YOUR GOAL> What's needed is the listing below, repeated word for word with no pictures.

DATA SECTION>
======
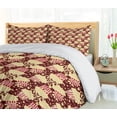 thumbnail image 5 of Ambesonne Hobby Duvet Cover Sets, Movie and Popcorn Pattern, 2-Queen, Maroon Multicolor, 5 of 7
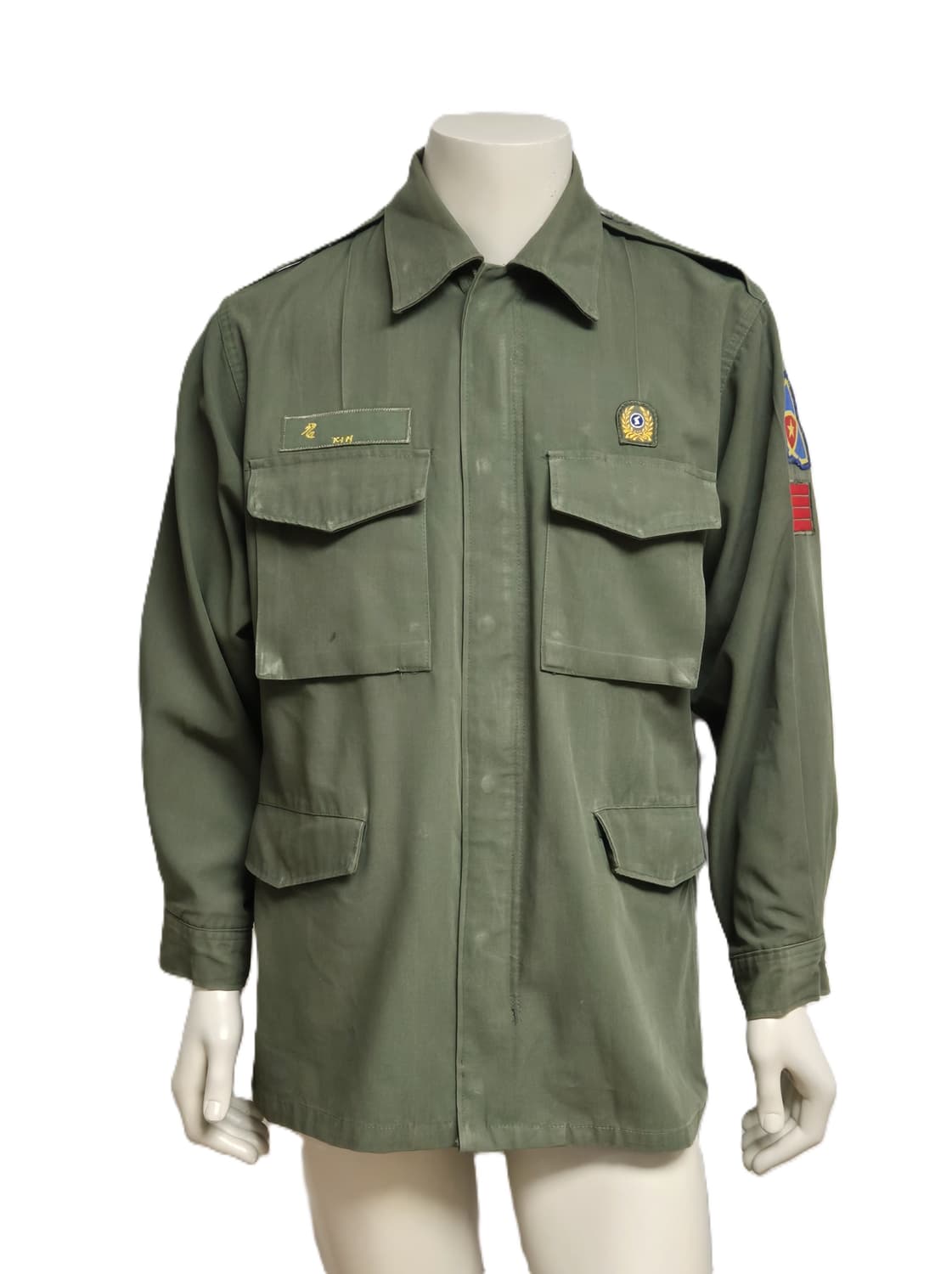 육군 구형 35사단 병장 민무늬 야전상의 전투복 상의 자켓 (L) 상품이미지1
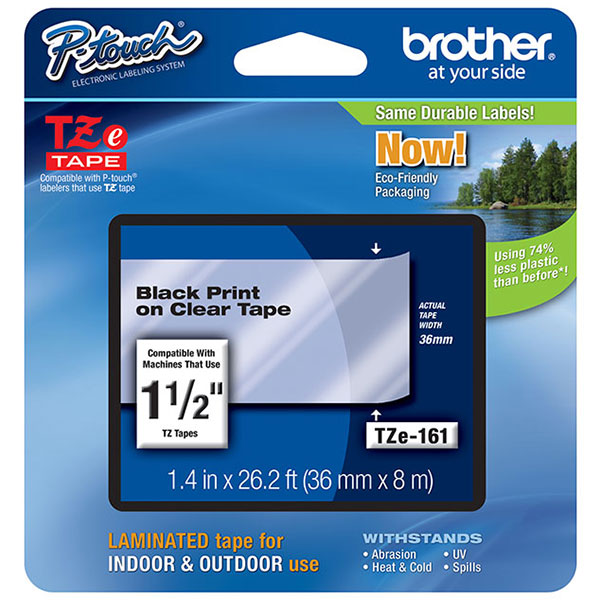 Brother+36mm+%281+1%2F2%26quot%3B%29+Black+on+Clear+Laminated+Tape+%288m%2F26.2%26apos%3B%29+%281%2FPkg%29+For+use+in+P-Touch%3A+PT-53055036009200DX9200PC94009500PC9600
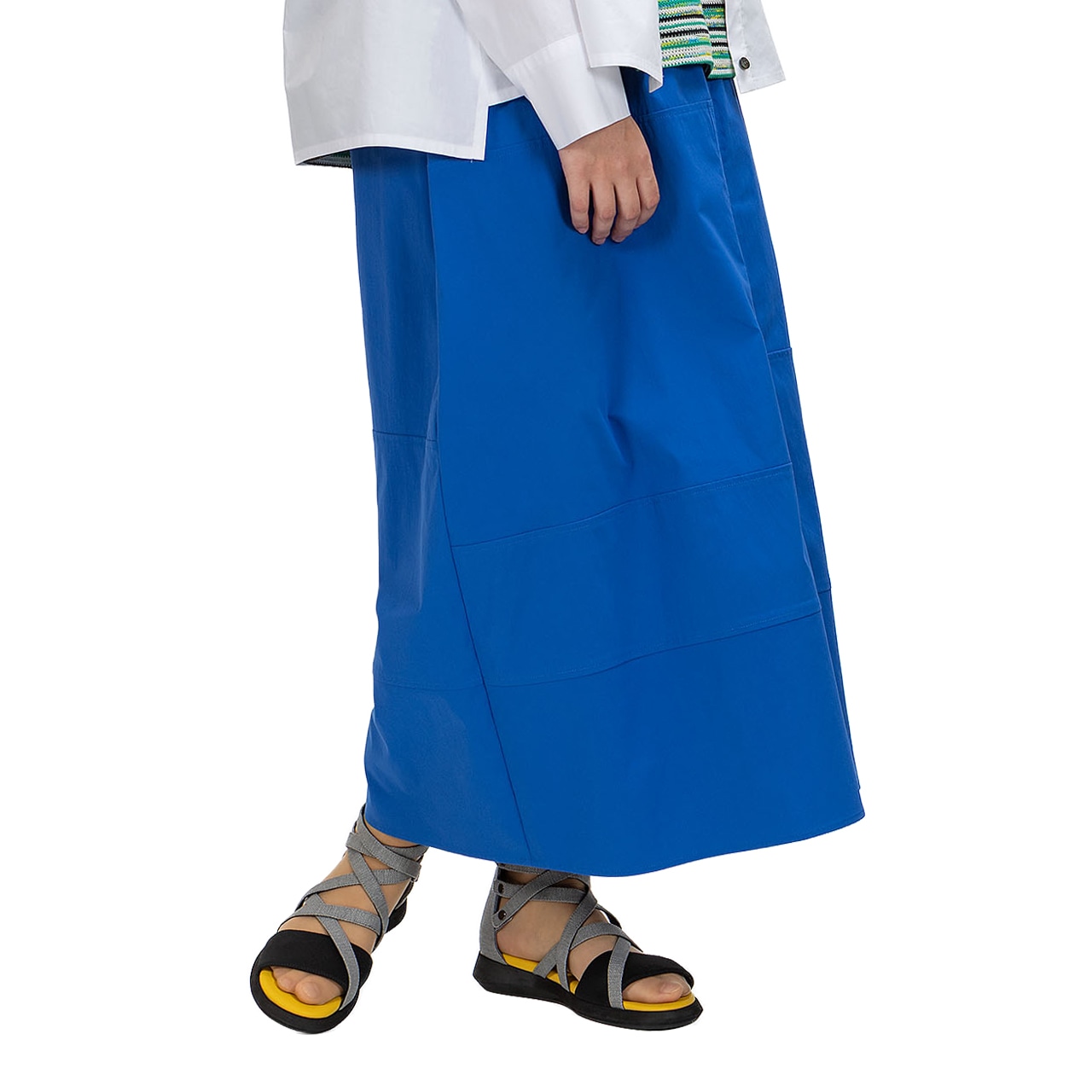 【最新作】マットストレッチパッチワークスカート【260-5160】Matte stretch skirt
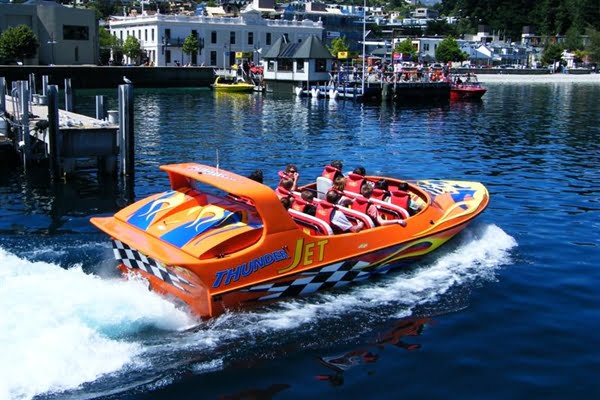 NZ 2014 Queenstown Thunder Jet Boat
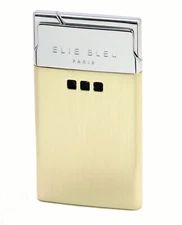 Elie Bleu Delgado Torch Flame Gold & Silver Ultra Slim Lighter, EBJ1104, NIB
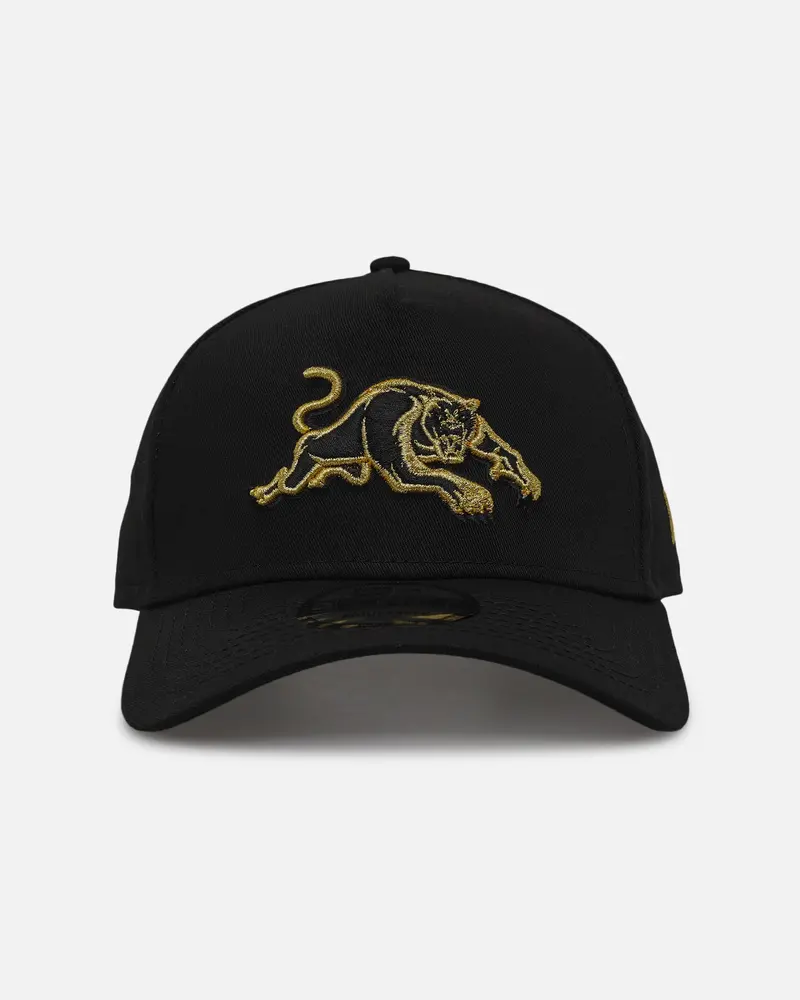 New Era Penrith Panthers 9Forty A-Frame Snapback Black/Gold 1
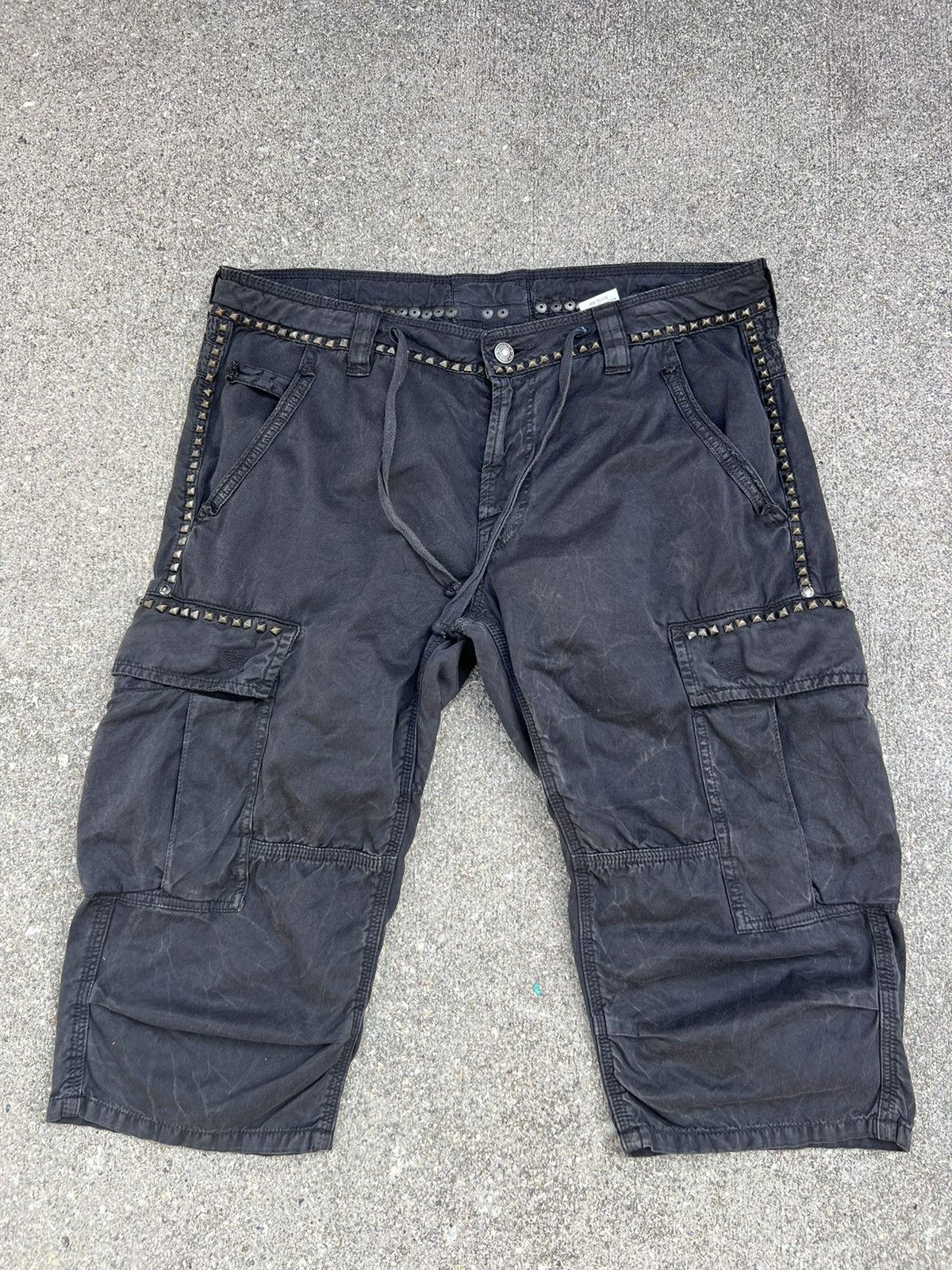 Jimmy Taverniti Jimmy Taverniti Spikes Tactical Cargo Short Pant Size US 33 - 1 Thumbnail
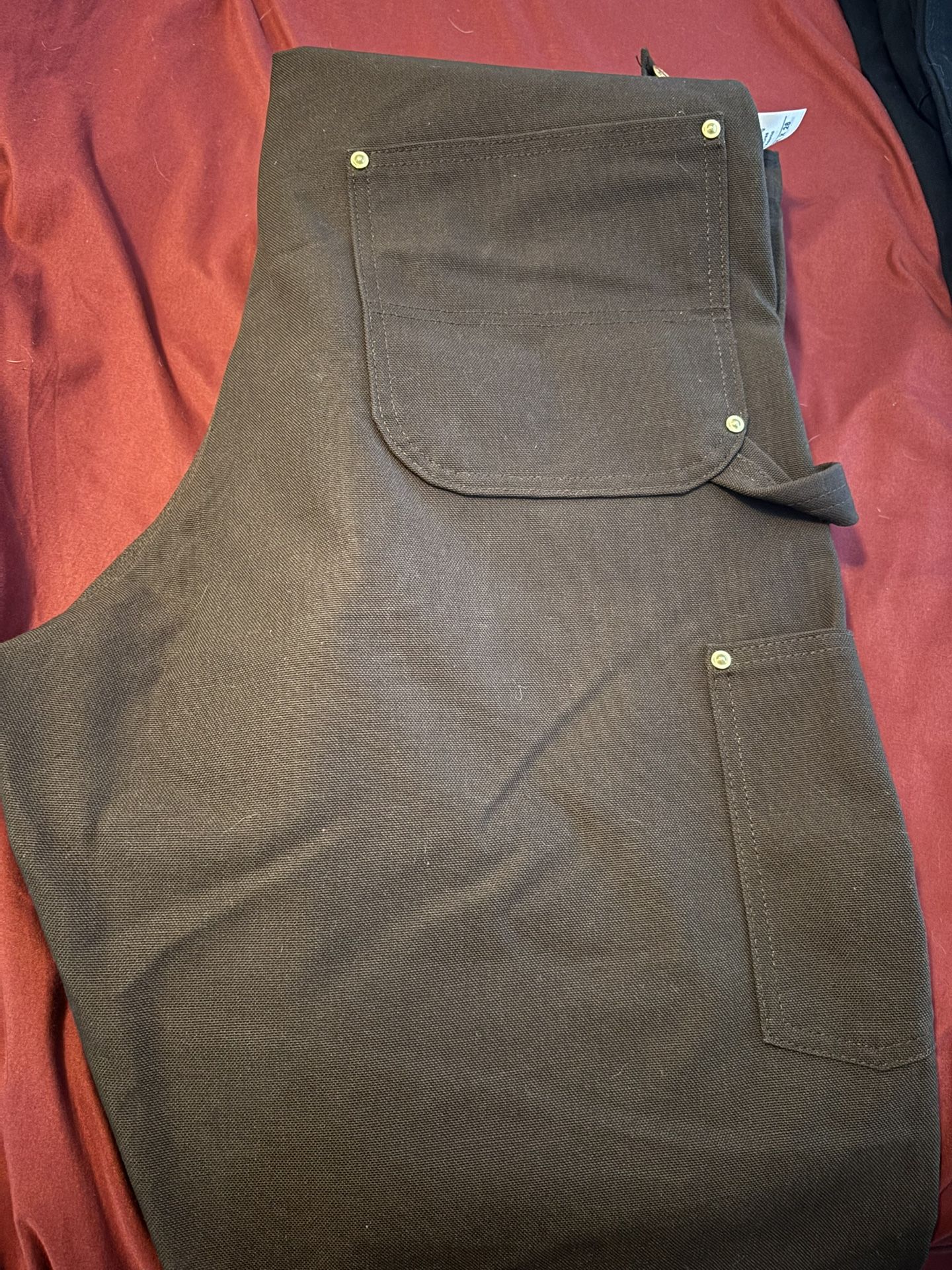 Carhartt Overalls Brown 36x28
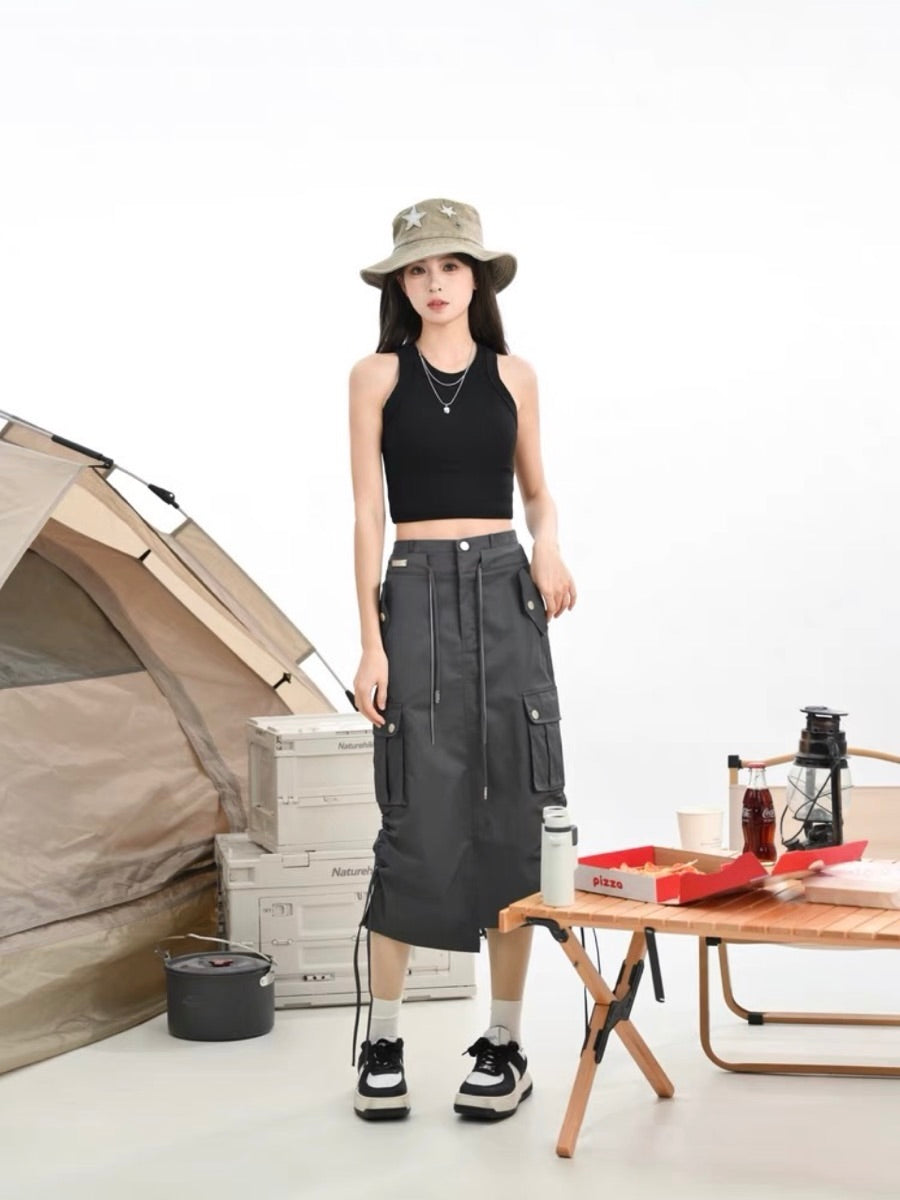 Wilderness Camping Cargo Skirt-Bottoms-ntbhshop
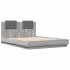 Cama con cabecero madera de ingeniería gris Sonoma 120x200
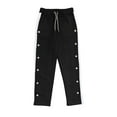 thumbnail image 4 of HOMADLES Mens Jogger Sweatpants Sports Color Block Athletic Pants Relaxed Fit Wide Leg Running Outdoor Jogger Pants Black 2XL, 4 of 6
======
TASK RESULT>
 thumbnail image 5 of Ambesonne Hobby Duvet Cover Sets, Movie and Popcorn Pattern, 2-Queen, Maroon Multicolor, 5 of 7
 육군 구형 35사단 병장 민무늬 야전상의 전투복 상의 자켓 (L) 상품이미지1
 Brother+36mm+%281+1%2F2%26quot%3B%29+Black+on+Clear+Laminated+Tape+%288m%2F26.2%26apos%3B%29+%281%2FPkg%29+For+use+in+P-Touch%3A+PT-53055036009200DX9200PC94009500PC9600
 【最新作】マットストレッチパッチワークスカート【260-5160】Matte stretch skirt
 NZ 2014 Queenstown Thunder Jet Boat
 Elie Bleu Delgado Torch Flame Gold & Silver Ultra Slim Lighter, EBJ1104, NIB
 New Era Penrith Panthers 9Forty A-Frame Snapback Black/Gold 1
 Jimmy Taverniti Jimmy Taverniti Spikes Tactical Cargo Short Pant Size US 33 - 1 Thumbnail
 Carhartt Overalls Brown 36x28
 Wilderness Camping Cargo Skirt-Bottoms-ntbhshop
 Cama con cabecero madera de ingeniería gris Sonoma 120x200
 thumbnail image 4 of HOMADLES Mens Jogger Sweatpants Sports Color Block Athletic Pants Relaxed Fit Wide Leg Running Outdoor Jogger Pants Black 2XL, 4 of 6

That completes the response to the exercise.